With respect to the former, Bush can proudly and justifiably say he that he has prevented another attack on the homeland. No, we can't say we're completely safe today, but we're certainly a lot better prepared. And while currently there are still deep divisions about measures like the USA Patriot Act, I think that history will eventually look forgivingly at the reaction of this administration to protect a shocked and wounded nation. Hey, Lincoln suspended habeas corpus, and they still built a statue to him in DC!
But let's not kid ourselves. The main prism that Bush is seen through today is the one that will people years from now will look at him through: Iraq. And in this case, there's no point in mincing words. Whether or not you still support the war effort (and I definitely do), two things are abundantly clear:
- Iraq is in a civil war. This is one of the rare times that I, a self-described member of the "grammar police," will say that semantics should be thrown out the window. There shouldn't have to be one side wearing gray, the other side blue, and both sides marching in neat rows for us to realize a mess when we see one. Calling the situation in Iraq anything but a civil war is to deny its gravity.
- The U.S. is currently losing in Iraq. Robert Gates, the nominee to be the new Secretary of Defense, should be applauded, for admitting this during confirmation hearings today on the Hill. Despite what any right-wing blog may say, we are losing in Iraq--if we were winning, this debate wouldn't be happening. Keep in mind though, that "losing" does not mean all is "lost"--let's figure out a way to win.
Administrative decisions, military strategy, and troop deployments are all matters for qualified experts, and I wouldn't have much to say on those issues.

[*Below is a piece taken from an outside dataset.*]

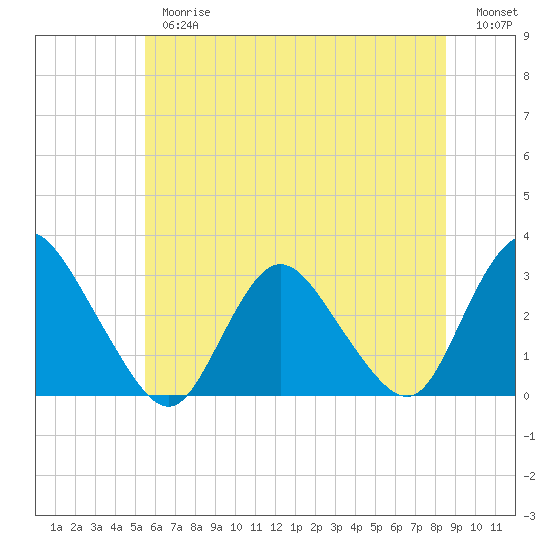 Tide chart for Green Bank on 2025/06/26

But for a long while now I have felt that there was another reason that our Iraq venture was doomed from the start: that the American public was never asked to make sacrifices or adopt a wartime mentality.
In today's
Post, the always astute Michael Kinsley picks up on that reason to explain
why the American public has lost its will to support the war in Iraq:
At first it seemed a brilliant strategy -- repellent, but brilliant -- to isolate most Americans from the cost of the war in Iraq. It's starting to seem a lot less so. As the deaths and injuries mount, more and more people are touched by the war -- and become understandably resentful of those who are not. Bush, in his speeches, is eloquent about what no one doubts -- the sacrifice -- but banal about what most people have come to doubt: the purpose.
The decision to wage the war on the margins of the public's consciousness might seem to make sense--it's applying a lesson learned from the Vietnam War that minimized exposure means minimized dissatisfaction. But if you go this route, things have to be going well. You can endure a mosquite bite on the back of your leg, but if it keeps getting bigger and more itchy, it will inevitably come to consume your attention.
President Bush didn't prepare the American public for a big, itchy bug bite. And there is where the whole problem arises from. Had he placed the public in a wartime mentality, they would be willing to put up with setbacks. And unlike Vietnam, the time was right to emphasize a struggle. The aftermath of 9/11 was a golden opportunity to make clear to Americans that life as we knew it was going to be different, that sacrifices would have to be made.
Bush instead sought to convey as much as possible that everything was business as usual, and it has become his undoing, because now we
demand that everything be quick and painless. The post-9/11 months could have been used to kickstart a nation to transform itself, through heavily publicized programs like an increased gas tax, expansion of community service programs, foreign language requirements in public education, or any number of dozens of other ideas that would have constituted the message that it's a different world today with different expectations.
In other words, it was time for tough love. Instead, President Bush pampered the public, and now he has to live with the results of that squandered opportunity: constituents that are not willing to deal on his terms or his scope in Iraq.